Devletin kuyruğu sıkışmış...

Sadaretteki Mahmut Şevket Paşa’nın aklına, Abdülhamid Han’ın Almanya’da bulunan Deutsch Bank’taki hisse senetleri gelmişti. Bunlara çökmek için de sabık padişaha baskı uygulamaya başlamıştı. Memleketin tüm selâmeti sanki bu paralara bağlıymış gibi yaptığı propagandası da sonuç vermişti.

Abdülhamid Han neden paralarını bir Türk bankası olan Osmanlı Bankası’nda değil de Alman bankasında tutuyordu?

“Saat endüstrisi” deyip geçmeyin, sevgili Yasin Taha Kalay kardeşim der ki, “Ağabey, saat endüstrisi temel yüksek teknoloji, kalite kontrol ve test, kalibrasyon ve laboratuvar cihazlarına giden ana yol demektir”.

Şu eski mekanik tansiyon aletleri vardı, ibreli… Hah, işte onları sadece saatçi ülkeler yapabiliyordu!

Size bir şey söylemek istiyorum: İsviçre, bugün elektronik sanayiinde Japonya ile başa baştır. Çin ise bugün hâlen İsviçreli Reishauer takım tezgâhı üreticisi firmanın elektronik kartlarını yapamamaktadır. Bu yol böyledir!

Mahmut Şevket mi? Af edersin, Dingo’nun önde gidenidir!

***


Hem sevindim, hem üzüldüm Meralcim

Allah, hayatta insanın karşısına öyle fırsatlar yaratır ki değerler üstünden davranış geliştirdiği an...

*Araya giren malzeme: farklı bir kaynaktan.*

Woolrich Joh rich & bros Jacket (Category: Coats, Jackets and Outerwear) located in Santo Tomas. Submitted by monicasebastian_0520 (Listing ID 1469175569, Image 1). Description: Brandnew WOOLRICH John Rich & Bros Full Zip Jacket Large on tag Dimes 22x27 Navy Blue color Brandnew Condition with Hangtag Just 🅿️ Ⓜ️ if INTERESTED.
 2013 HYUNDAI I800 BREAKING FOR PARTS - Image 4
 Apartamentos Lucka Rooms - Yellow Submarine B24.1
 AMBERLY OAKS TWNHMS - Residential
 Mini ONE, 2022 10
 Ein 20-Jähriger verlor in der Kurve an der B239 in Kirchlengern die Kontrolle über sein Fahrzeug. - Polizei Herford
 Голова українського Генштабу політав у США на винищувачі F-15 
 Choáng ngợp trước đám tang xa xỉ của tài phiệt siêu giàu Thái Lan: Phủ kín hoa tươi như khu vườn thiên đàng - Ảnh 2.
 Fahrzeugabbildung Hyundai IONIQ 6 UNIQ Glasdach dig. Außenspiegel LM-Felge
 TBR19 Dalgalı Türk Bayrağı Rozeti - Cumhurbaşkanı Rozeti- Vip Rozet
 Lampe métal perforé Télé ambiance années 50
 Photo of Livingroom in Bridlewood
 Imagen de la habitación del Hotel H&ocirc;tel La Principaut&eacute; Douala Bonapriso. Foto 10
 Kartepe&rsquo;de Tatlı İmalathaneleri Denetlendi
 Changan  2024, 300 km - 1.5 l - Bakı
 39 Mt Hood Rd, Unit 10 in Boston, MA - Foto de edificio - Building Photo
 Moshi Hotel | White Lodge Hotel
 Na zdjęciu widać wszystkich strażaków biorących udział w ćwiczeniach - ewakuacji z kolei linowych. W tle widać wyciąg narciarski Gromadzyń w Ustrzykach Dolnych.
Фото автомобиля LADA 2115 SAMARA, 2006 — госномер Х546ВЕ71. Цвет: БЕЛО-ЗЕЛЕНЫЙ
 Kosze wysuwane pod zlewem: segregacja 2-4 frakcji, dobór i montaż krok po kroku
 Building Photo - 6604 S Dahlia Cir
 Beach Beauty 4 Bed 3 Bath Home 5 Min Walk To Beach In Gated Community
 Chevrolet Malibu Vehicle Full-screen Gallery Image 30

Körün istediği bir göz, Allah verir iki göz.

Meralciğime de fırsat kendiliğinden geldi...

Lâkin bir edepsizi korumaya kalkarak ayağına gelen fırsatı tepti.

Lütfücüm, artık partinin gizli kasası mıdır, yoksa bulunmaz Hint kumaşı mı, bilemem. Tam bir siyaset acemisi gibi davrandı.

Farz edelim ki provokasyon olsun, başbakansın(!)... Sana kâfirin türlü oyunları olacak. Misâl, “One minute” çekmedin de ana avrat dümdüz gittin... Ya da dayanamadın, erkekliğin tuttu, kodun sümsüğü... “Provokasyona geldim” mi diyeceksin, yoksa Kafakol Lütfü’ye dönerek, “ama”sız, “lâkin”siz, “fakat”sız, “İçimizde senin gibilere yer yok” mu diyeceksin?

Emin olun, böyle bir şey yapsaydı, bir AK Partili olarak burada tek bir kelime edemez, elim ayağım birbirine karışır, içimden de “Helâl olsun, istediğim muhalefet işte bu!” derdim. Ama üzgünüm Meralcim, kaybettin!

Tanrılar kurban istemiyor Meralcim, millet istiyor.

Bu adamı kurban etmediğin her dakika bataklığa sürükleneceksin!

Hele hele, her vatandaşın size oy vereceği ihtimâlini göz ardı ederek eleştirileri “yavşaklık” ile tanımladın ya, bu millet sana kim olduğunu gösterecek!

Siyaset, edepsizliği affetmez!

Devamlı şişirmeye çalıştığınız Erdoğan nefreti bile bu edepsizliği örtemez!